The Penalties For Not Filing Annual Accounts For an LLP

The penalties for not filing annual accounts for an LLP

Penalties For Not Filing Annual Accounts

It is a criminal offence not to file annual accounts for a limited liability partnership. If convicted, the designated member(s) will receive a criminal record and a fine of up to £5,000 for each offence. This is in addition to any late filing LLP annual accounts fees that are imposed on the LLP. The court may also seek to strike the LLP off of the register.

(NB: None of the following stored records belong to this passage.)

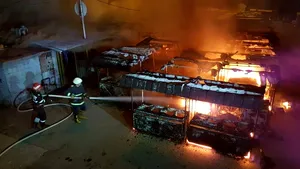 FOTO | Un bărbat a fost rănit într-un incendiu izbucnit într-o piaţă agroalimentară din Suceava 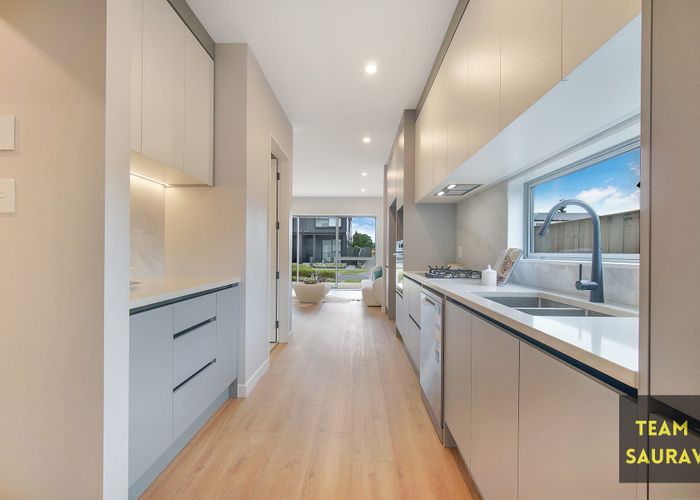  at 21 Yellow Pear Lane, Karaka, Franklin, Auckland
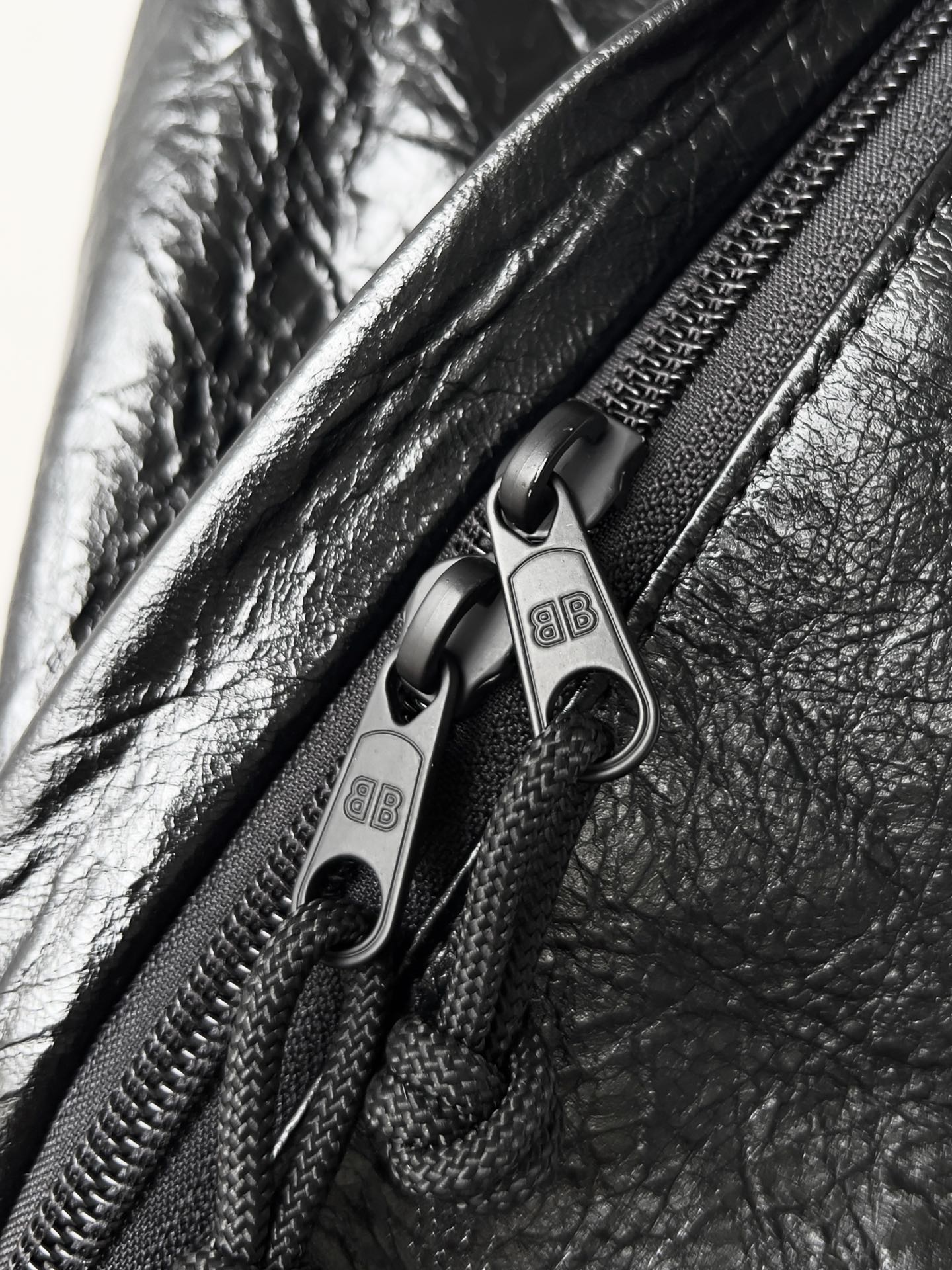 [TOP] BALENCIAGA Explorer Leather Backpack 34.8 x 47 x 19.8 cm-Black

Usually, you must submit your return no later than nine months after the accounting reference date each year. The accounting reference date is the last day of the month in which the anniversary of the incorporation of the partnership falls. The accounting reference period is the period from the date of incorporation to the accounting reference date in the first year and the period from the day after the accounting reference date to the next such date in all subsequent years.

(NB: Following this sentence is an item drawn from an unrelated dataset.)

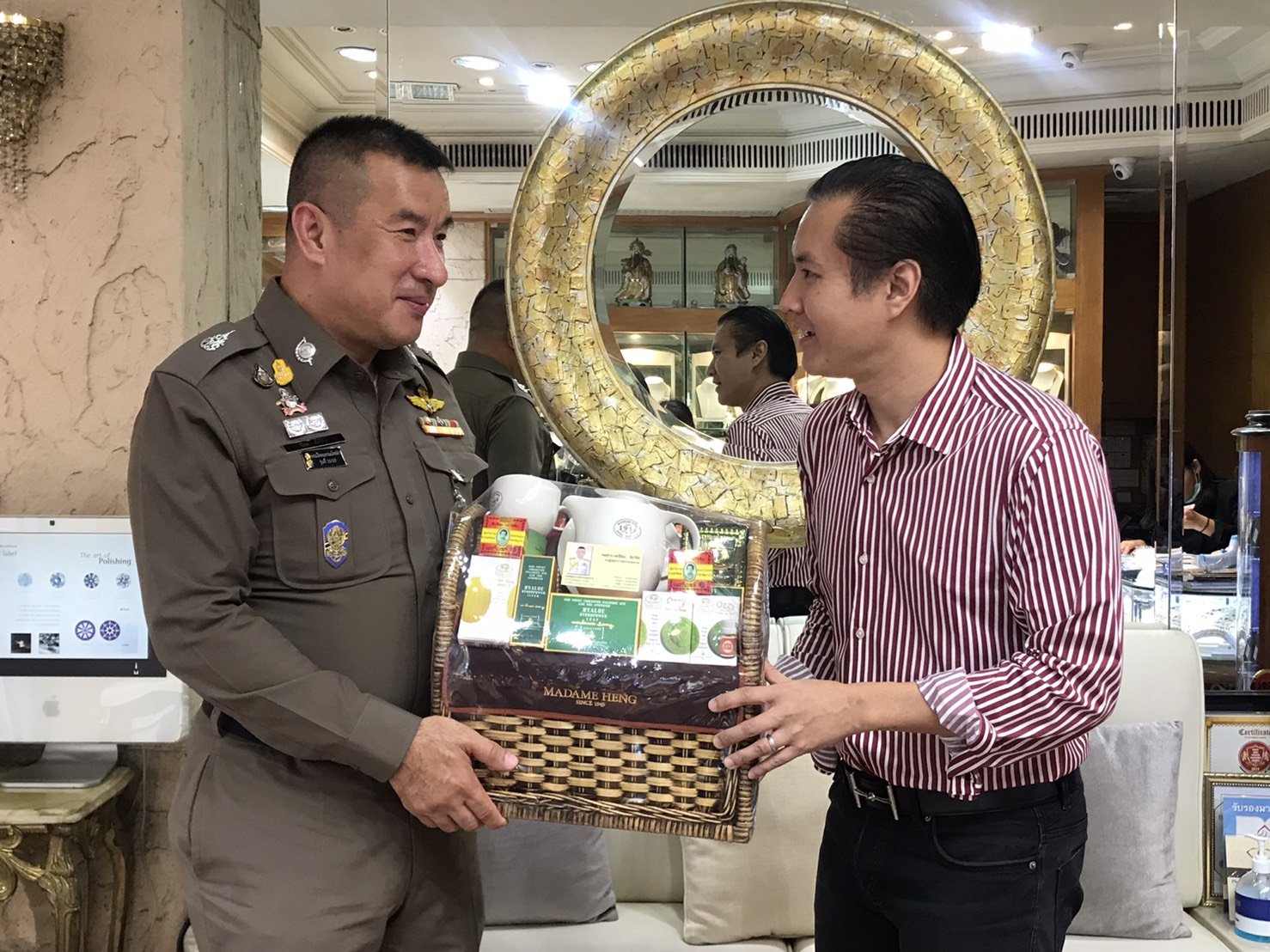 ท่านพล.ต.ต.ดร.ปิยะ ต๊ะวิชัย รองผบช.น.(น 2) ได้มาอวยพรแด่ ดร.พีรวัฒน์ สุรเศรษฐ ประธานกต.ตร.กทม.(ภาคประชาชน) เนื่องในวันคล้ายวันเกิดล่วงหน้า(7 ต.ค.)โดยมี ดร.นฤมล สุรเศรษฐ ประธาน กรรมการ L.S.JEWELRY GROUP ให้การต้อนรับอย่างอบอุ่นและเป็นกันเอง ณ ห้างเพชรหลีเส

For a new LLP with accounts that cover more than 12 months of trading the return must be submitted within 21 months of the incorporation date or three months after the accounting reference date, whichever is longer. If the first accounts of a new LLP cover twelve months or less then they must be submitted no less than nine months after the accounting reference date as usual.

Penalties for not filing annual accounts for an LLP: if you fail to submit your accounts by the required date then an automatic fine will be imposed. If the accounts are late by less than a month the fine will be £150.00. This rises to £375.00 for a return that is late by 1-3 months and then £750.00 if it is late by 3-6 months. If the return is late by more than six months the fine is £1,500. These penalties are doubled if an LLP files a late return in two successive years. Penalties can be paid in installments over a period of five months (ten in special circumstances) if you are unable to pay them up front.

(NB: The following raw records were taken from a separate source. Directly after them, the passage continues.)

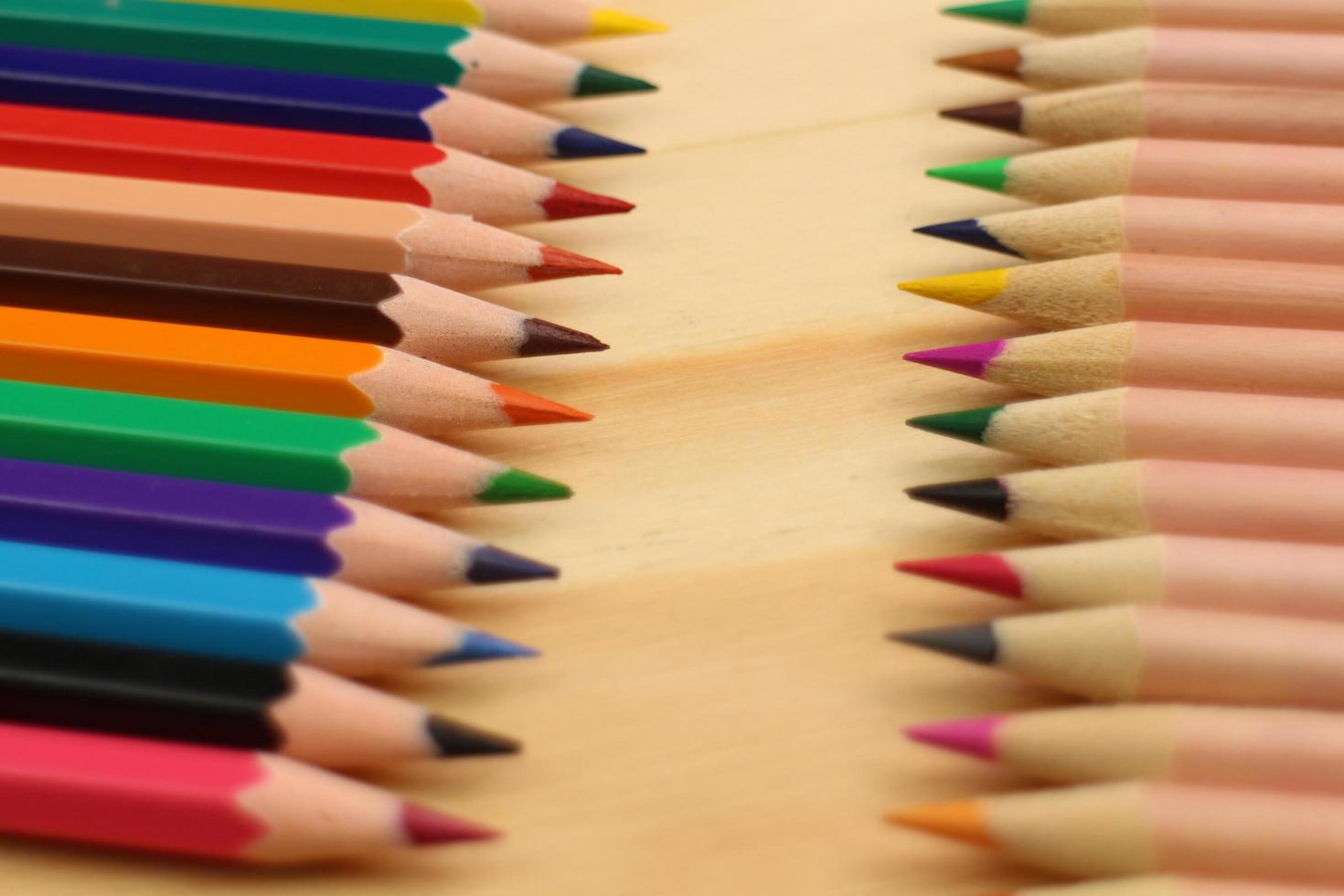 colori lápis em de madeira fundo foto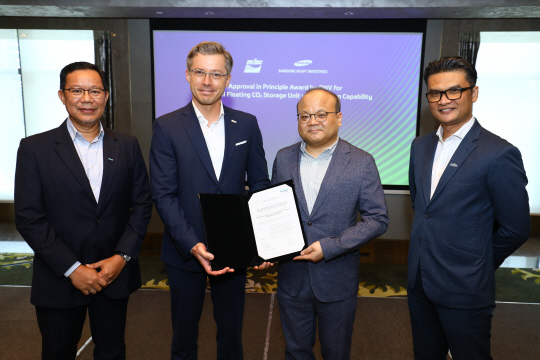 30일(현지시간) 말레이시아 쿠알라룸푸르에서 케이룰 아잘 부냐민(왼쪽부터) DNV 말레이시아 총괄, 루카즈 루완스키 DNV 아태지역 부문 총괄, 윤균중 삼성중공업 해양EM팀장, 데니 이사 MISC Maritime Services 사장이 기념촬영을 하고 있다.삼성중공업 제공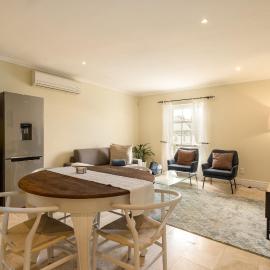 Paradyskloof Spacious Apartment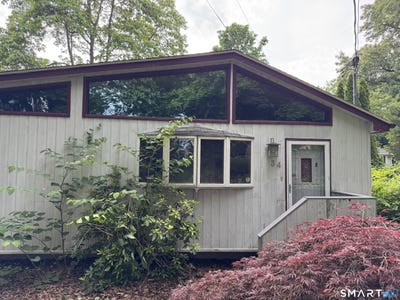 /international/us/28-pleasant-avenue-east-haven-ct-110108444898/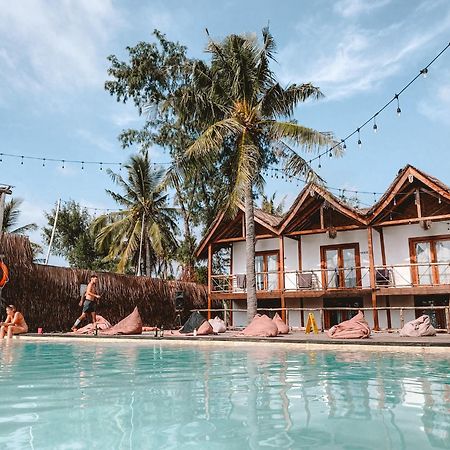 แมดมังกี้ กีลี ตราวางัน Hostel กีลีตราวางัน ภายนอก รูปภาพ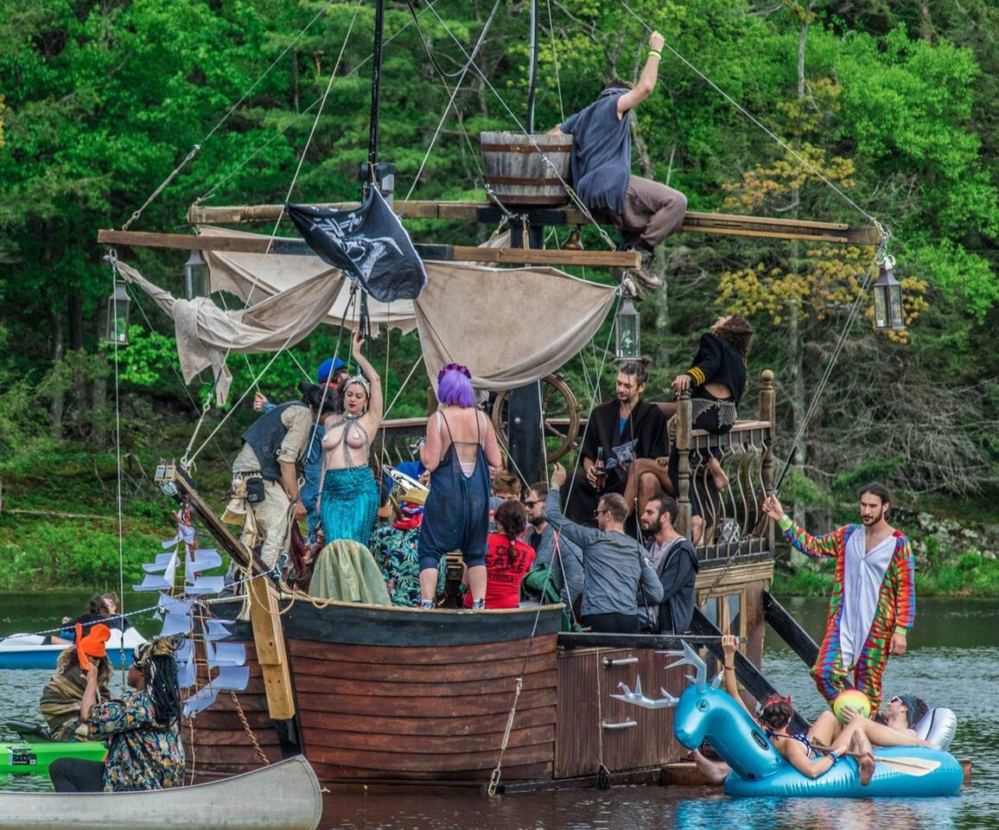Seth Troxler, Sofi Tukker und Fisher beim Lakewood Festival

In exceptional circumstances you may be able to secure an extension beyond the due date for your accounts. There are also limited circumstances which might allow you to appeal against a late submission penalty. This would include a fire destroying your paperwork a few days before the due date. Accounts being lost in the post, arriving late, not being filed by an accountant or members being unaware of the need to file accounts are not sufficient grounds for an appeal.

If your accounts are rejected by Companies House then you will not be granted an extension to file an acceptable version. This is a good reason to file your accounts well before the due date. You should also be careful to ensure that the accounts are clearly legible and can be copied easily.

If an LLP is restored to the register after being struck off or dissolved then you will not be liable for penalties that would have accrued during the time that the LLP was dissolved. However, you will be liable for any outstanding penalties from prior to the dissolution of the LLP.